Plus les spéculateurs empruntent, plus leur fortune s’arrondit en bourse, tandis que les sociétés d’Etat croulent sous les dettes et les banques chinoises sous les créances douteuses. Plus les fondements de l’économie deviennent malsains, plus les excédents qui font notre admiration s’accumulent — et sont convertis en dollars afin de maintenir le yuan dans un système de parité artificiel qui condamne l’Europe à voir des pans entiers de son économie voués à la faillite.
Mais la Chine détient aujourd’hui la plus gigantesque masse de dettes libellées en dollars et susceptibles de ne pas être remboursées (combien les banques de Hong Kong ou Shanghai ont-elles perdu avec la crise du subprime ?). Les tarifs du fret maritime mondiaux ont pratiquement doublé en un an, mais les prix des produits exportés vers l’Occident n’en sont pas augmentés pour autant : il y a forcément quelqu’un qui triche, ne croyez-vous pas ?
Moyennant quoi, et selon les derniers calculs de Lazard Frères, le PIB chinois vient de dépasser en valeur celui de la Zone Euro (soit 15,1% du PIB mondial contre 14,7%).

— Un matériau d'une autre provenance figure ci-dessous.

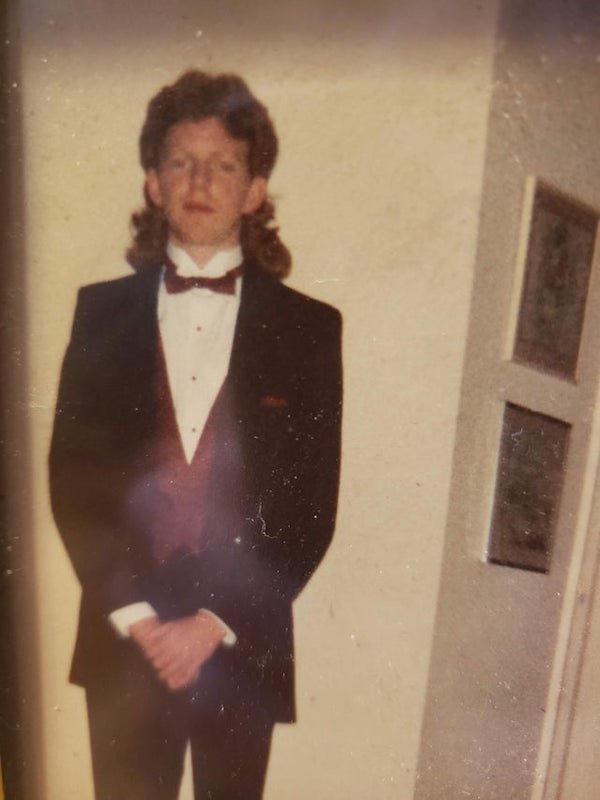 Photos People Would Like To Forget (26 pics)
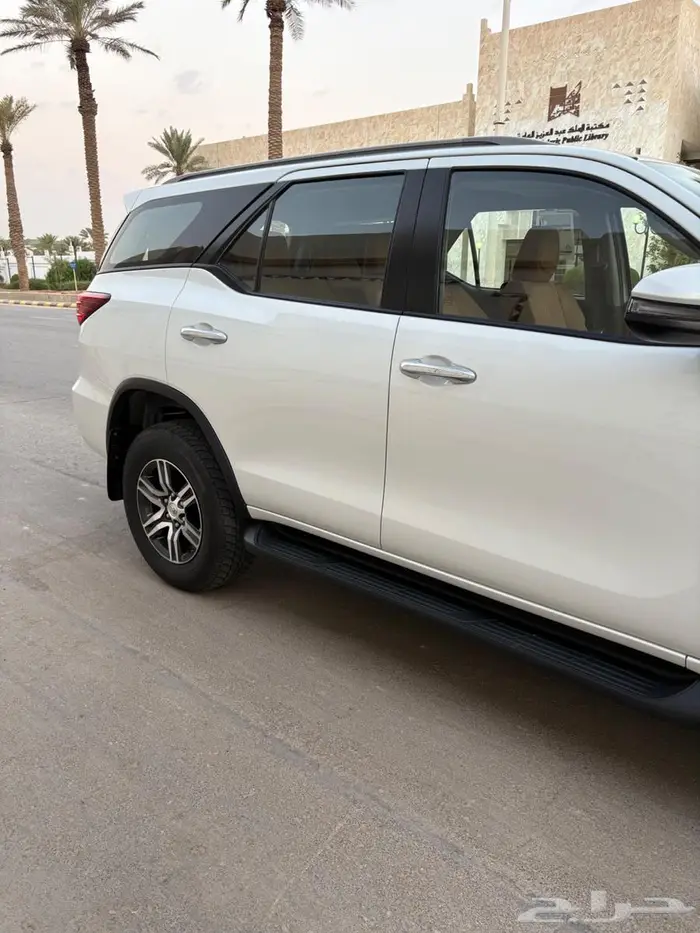 للبيع فورتشنر 2024 سعودي ديزل دبل 4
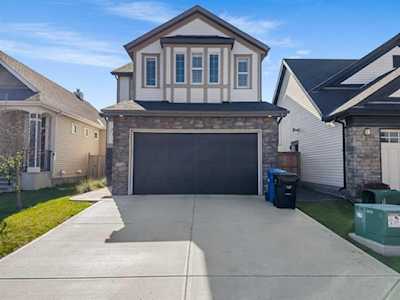 21 SE Copperpond Ln Calgary, AB T2Z 5A8
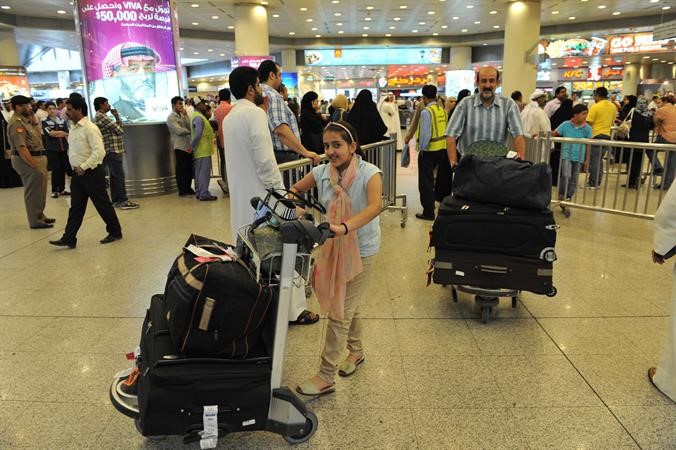 جانب من العائدين الى الكويت امس هاني عبدالله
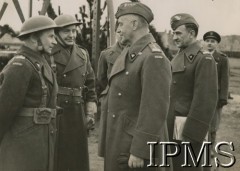 16.01.1943, Gullane, Szkocja, Wielka Brytania.
Przegląd oddziałów Polskich Sił Zbrojnych w Wielkiej Brytanii przez Naczelnego Wodza Polskich Sił Zbrojnych gen. Władysława Sikorskiego. Od lewej: dowódca 1 Brygady Strzelców gen. Bronisław Duch, dowódca 1 Dywizji Pancernej gen. Stanisław Maczek, gen. W. Sikorski, szef Sztabu Naczelnego Wodza gen. Tadeusz Klimecki, Generalny Inspektor Polskich Sił Powietrznych gen. Stanisław Ujejski.
Fot. NN, Instytut Polski i Muzeum im. gen. Sikorskiego w Londynie [szuflada XIV].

Il se place sur la seconde marche du podium derrière les Etats-Unis, qui revendiquent 19,7% du PIB mondial, à la veille de l’année olympique (le Japon est loin derrière avec moins de 9%).

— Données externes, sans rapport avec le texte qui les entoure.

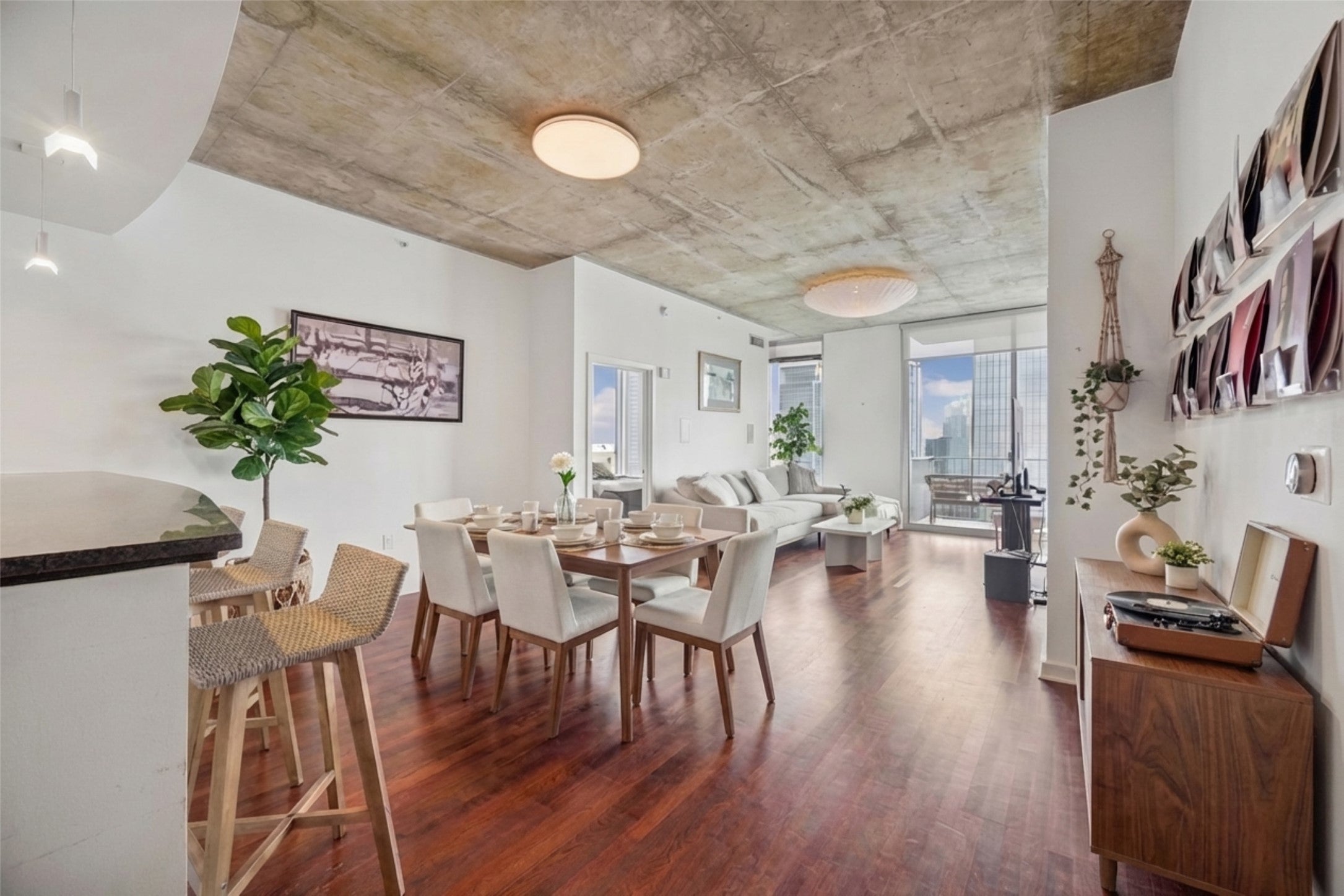 Photo of Listing #6242227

La Chine s’impose comme le moteur de la croissance mondiale. Un moteur qui carbure à la dette américaine — c’est-à-dire un mélange de nitro-méthane et d’éther (hyper détonnant) auquel aucun alliage connu ne saurait résister très longtemps. Il en résulte une accélération économique digne d’un dragster… mais dès que la vitesse critique sera atteinte, il faudra couper les gaz et envoyer le parachute !
** Idem pour les indices boursiers déjà chauffés au rouge, et dont les pistons menacent de faire exploser les cylindres. Tant que Shanghai et Shenzhen sentent qu’il y a encore un potentiel d’accélération, les boursicoteurs continuent d’écraser le champignon !
Sans évoquer ouvertement le risque d’explosion du moteur chinois, le FMI annonce comme prévu la révision à la baisse de -0,4% de la croissance mondiale 2008 (l’estimation précédente publiée au mois de juillet était de +5,2%).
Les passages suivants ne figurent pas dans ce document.